- **EXERCISE PROMPT**
Please write out only the lines from the one containing "HITMAN™ 2 Patient" through the last line of the listing. Do not include pictures.

::: INPUT

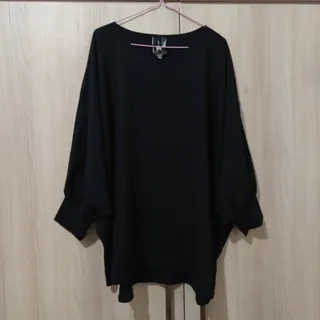 بلوز مشکی سایز بزرگ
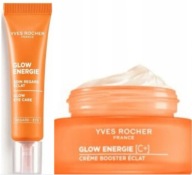 Yves Rocher 1 x Krem przywracający Blask +Krem niwelujący cienie pod oczami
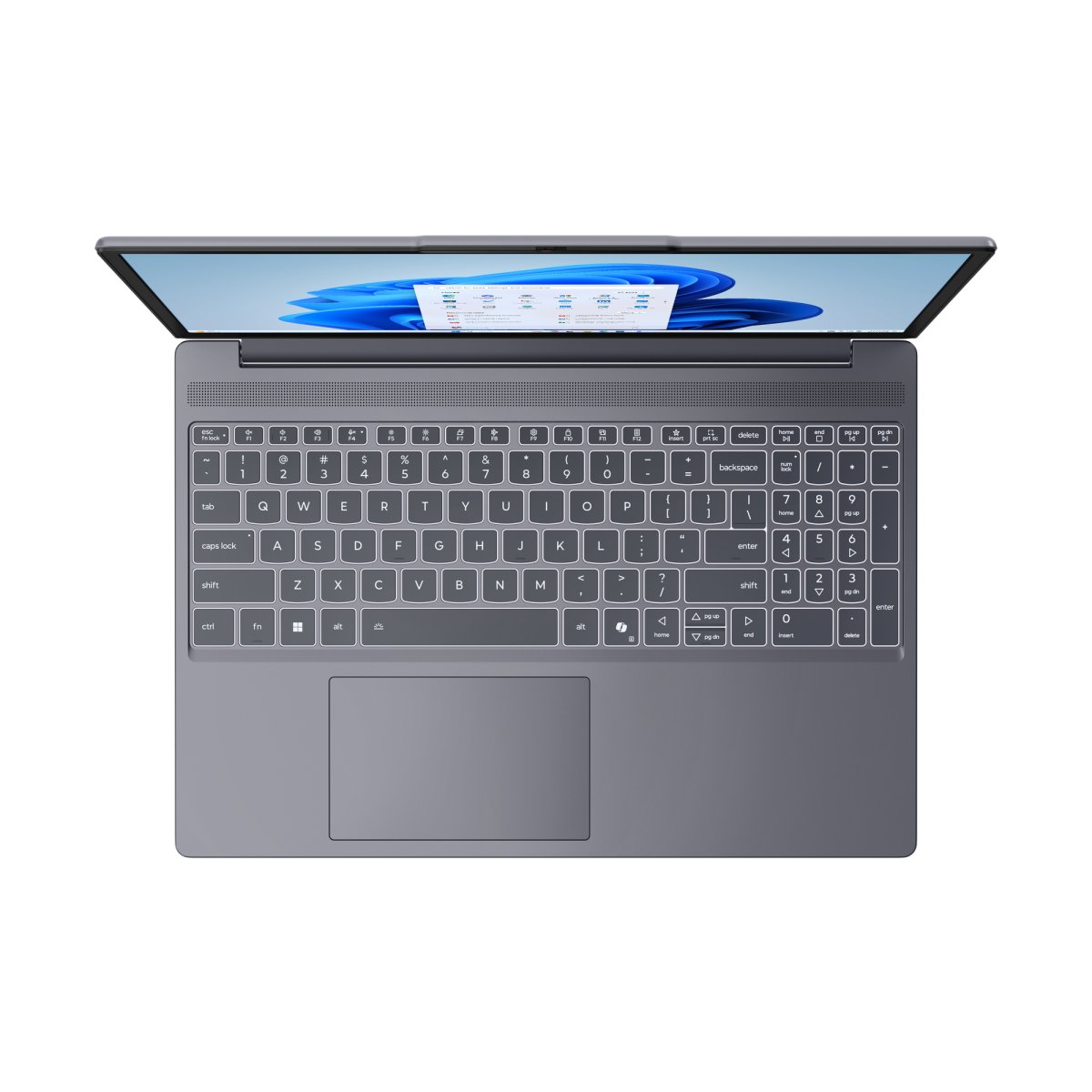 Lenovo IdeaPad Slim 3 15IRH10 Intel® Core™ i7 i7-13620H Laptop 38.9 cm (15.3") WUXGA 24 GB DDR5-SDRAM 1 TB SSD Wi-Fi 7 (802.11be) Windows 11 Home English Grey - Image 8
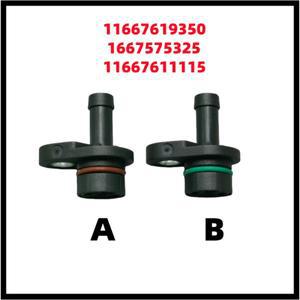 BMW E70 E71 X5 X6 X3 X1 N55 브레이크 진공 펌프 체크 밸브 커넥터 오일 플러그 수리 키트 11667619350 16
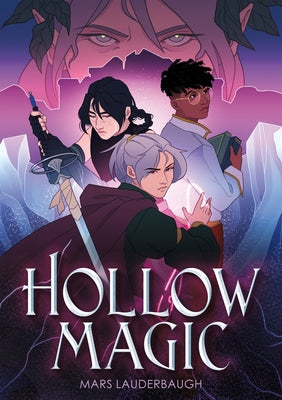 Hollow Magic by Lauderbaugh, Mars book cover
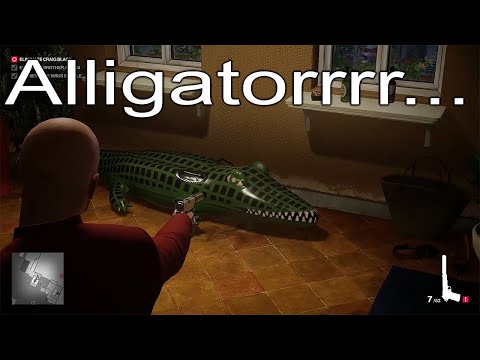 HITMAN™ 2 Patient Zero DLC Walkthrough Mission 2 - The Author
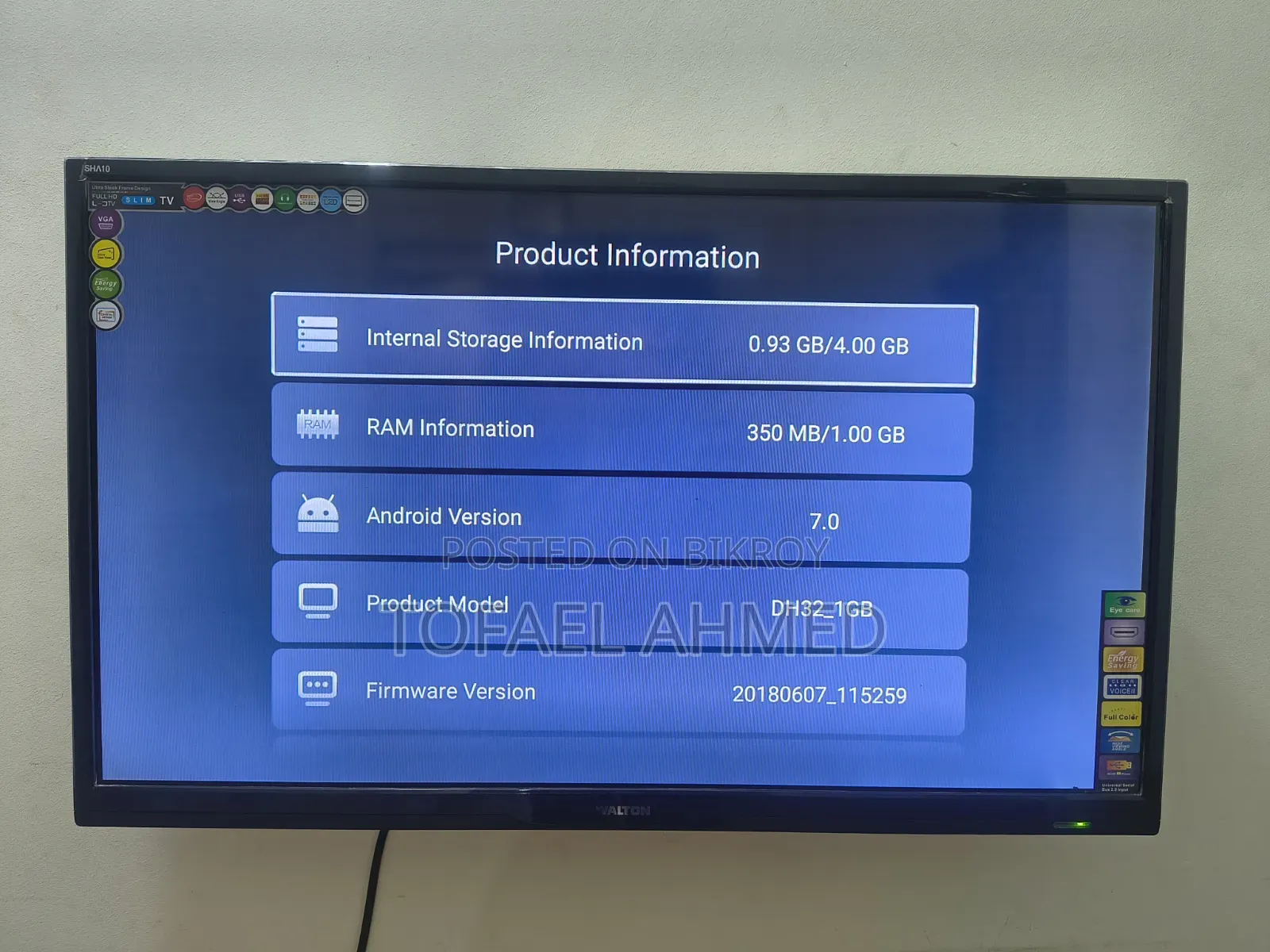 Walton 32" Android TV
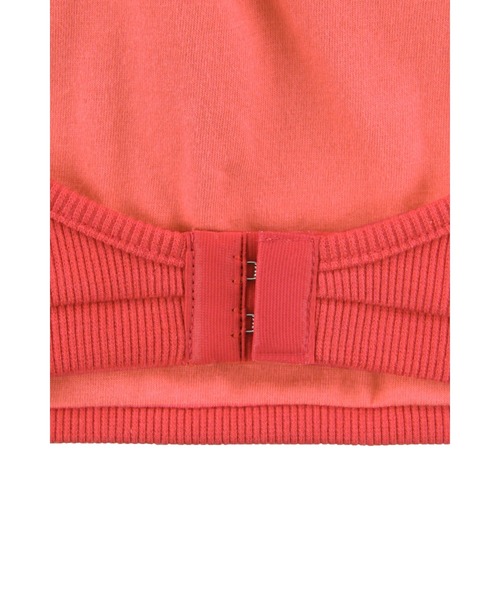 ALEXIA STAM（アリシアスタン）の「Wellness Back Adjuster Rib Top /バックオープンT（Tシャツ/カットソー・レディース・ホワイト/ブラック/ネイビー/レッド・S/M）」の12枚目の写真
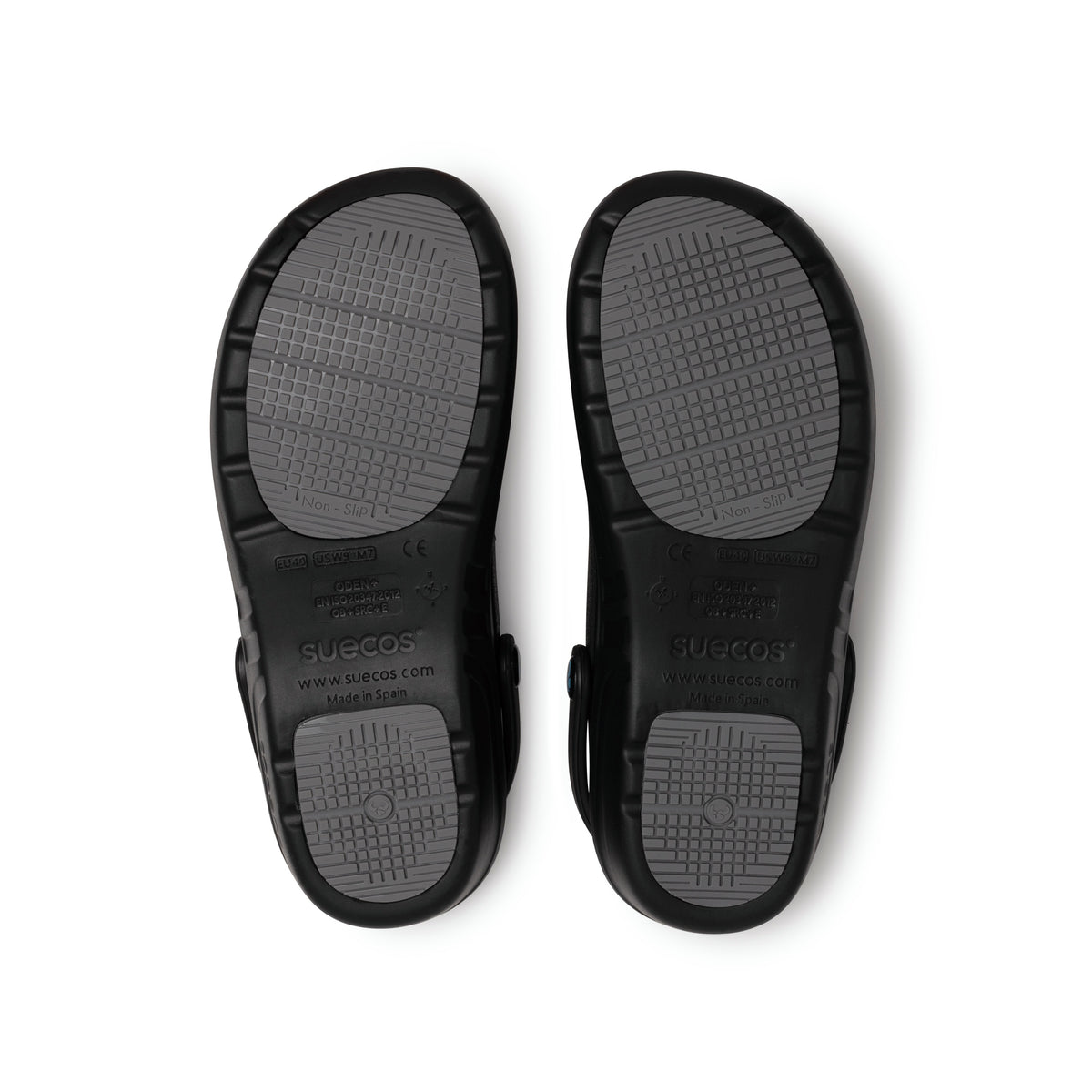 Oden+ Black Clogs 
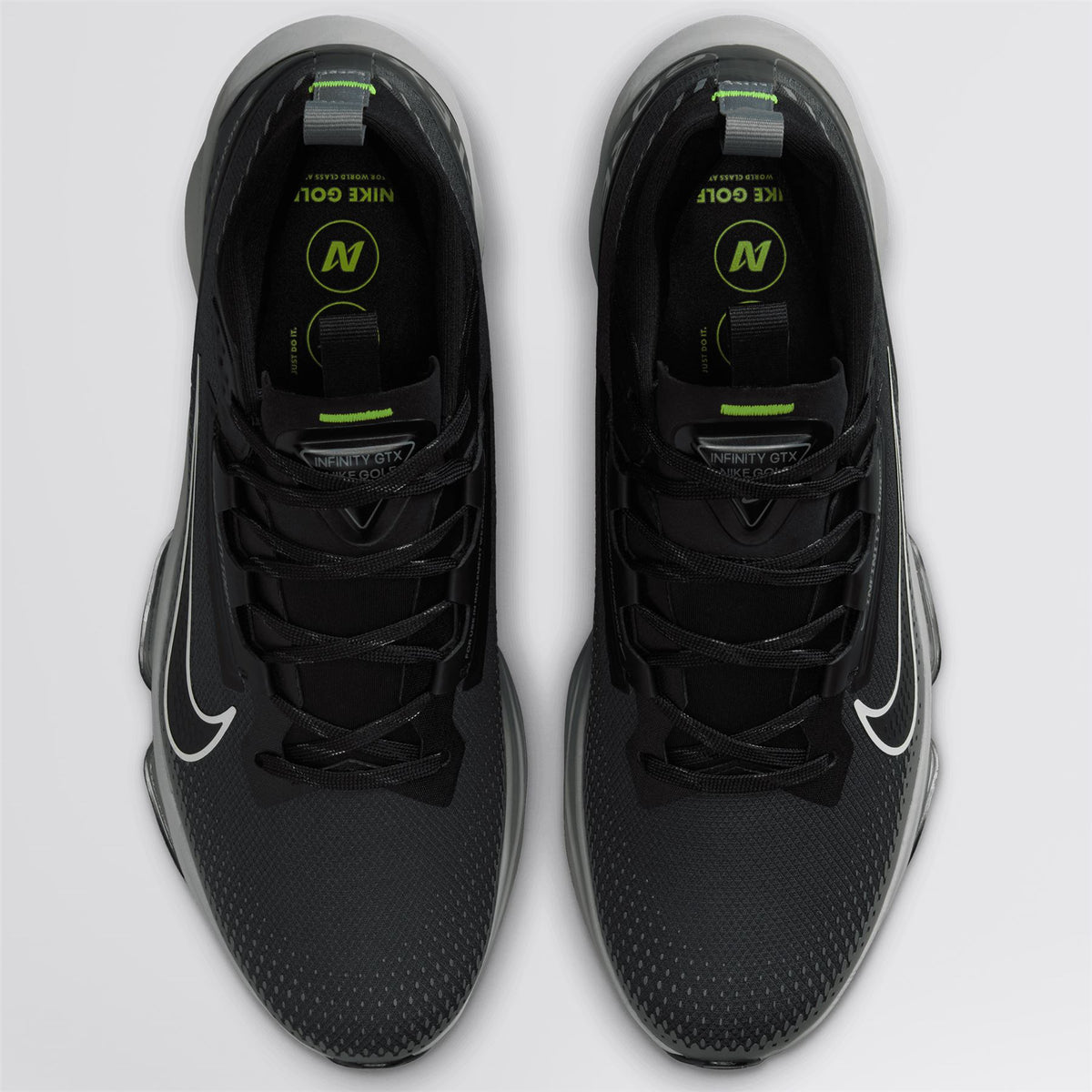 Infinity Tour NEXT% 2 GTX Golf Shoes Dark Smoke Grey/Black/Light Smoke Grey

::::::

- **THE COMPLETED TASK**
 HITMAN™ 2 Patient Zero DLC Walkthrough Mission 2 - The Author
 Walton 32" Android TV
 ALEXIA STAM（アリシアスタン）の「Wellness Back Adjuster Rib Top /バックオープンT（Tシャツ/カットソー・レディース・ホワイト/ブラック/ネイビー/レッド・S/M）」の12枚目の写真
 Oden+ Black Clogs 
 Infinity Tour NEXT% 2 GTX Golf Shoes Dark Smoke Grey/Black/Light Smoke Grey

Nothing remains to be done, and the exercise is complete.